Sam Barnard (born 21 October 1985 in Chatham, Kent, England) is a British actor with Down syndrome who has appeared in several British television dramas and public information films.

== Biography ==
In 2007, Barnard auditioned for a place on the "Staging Change" acting course for actors with learning disabilities, run by Mountview Academy of Theatre Arts and Mind the Gap Theatre Company. He was offered a place on the course and completed it in 2008. He appeared (uncredited) in one episode of BBC's EastEnders in 2007. In 2008 he appeared in The Oxford Murders, starring John Hurt and Elijah Wood, and later that year, he appeared in the "Thorpe Park" episode of Channel 4's The Inbetweeners.

In 2009, Sam appeared in and co-directed the short film Crime Report for ITV Fixers. He played lead roles in the short films Bully for You, produced by Voice UK and the Ministry of Justice in 2010 and See My Ability, produced by Derbyshire County Council and the Crown Prosecution Service in 2011. In 2012, Barnard co-directed the music video for Rocky and the Natives' single "Oyster Girl". In the same year he starred in ITV's feature-length film drama The Suspicions of Mr Whicher: The Murder in Angel Lane, performing alongside Paddy Considine and Olivia Colman.
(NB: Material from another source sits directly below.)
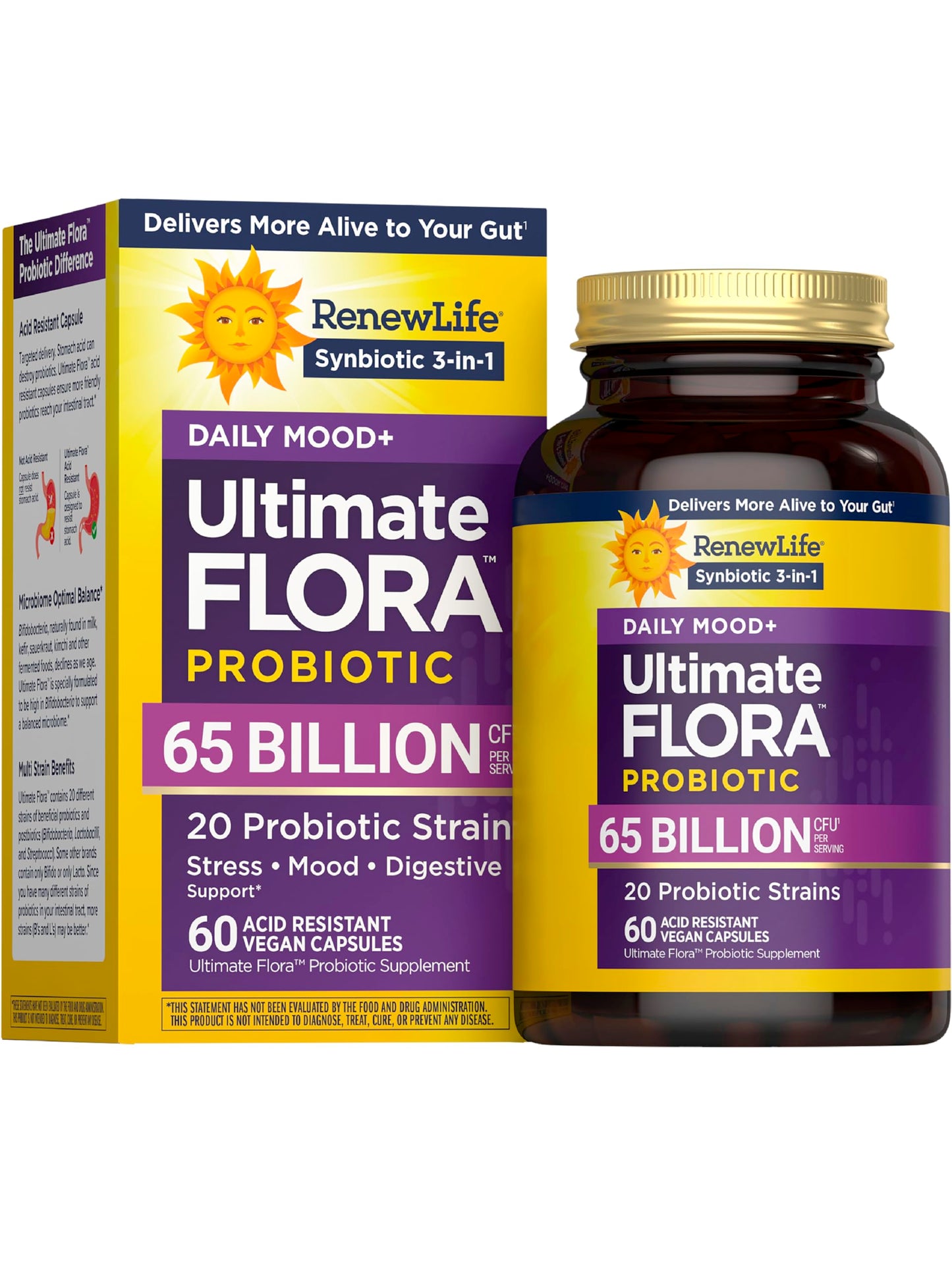 Renew Life Ultimate Flora Probiotics Daily Mood Support 65 Billion CFU Delayed Release Vegan Capsules with Ashwagandha | Digestive Health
Barnard featured in the first and second, third and fifth series of Channel 4's The Undateables (2012, 2013,2014). He was a guest on Channel 5's live chat show LIVE with Kaye Adams and on ITV's This Morning. Barnard was a member of the expert panel for The Undateables Masterclass at the 2013 Guardian International Television Festival in Edinburgh. In 2017 he appeared as Andrew in Episode 1 of Series 3 of the television drama Grantchester. and as Darren Tailor in BBC TV drama "Casualty". Sam became the first actor with Down's Syndrome to star in a professional Pantomime as the Giant's Henchman in Jack and the Beanstalk at the RCC Theatre, Rye in 2017.

Around Christmas 2020, Sam starred in a BBC podcast drama called Missing You, playing alongside June Brown.

In September 2025 Sam was cast as Gus in the upcoming film The Man with the Plan about the Beveridge Report, by Sands Films.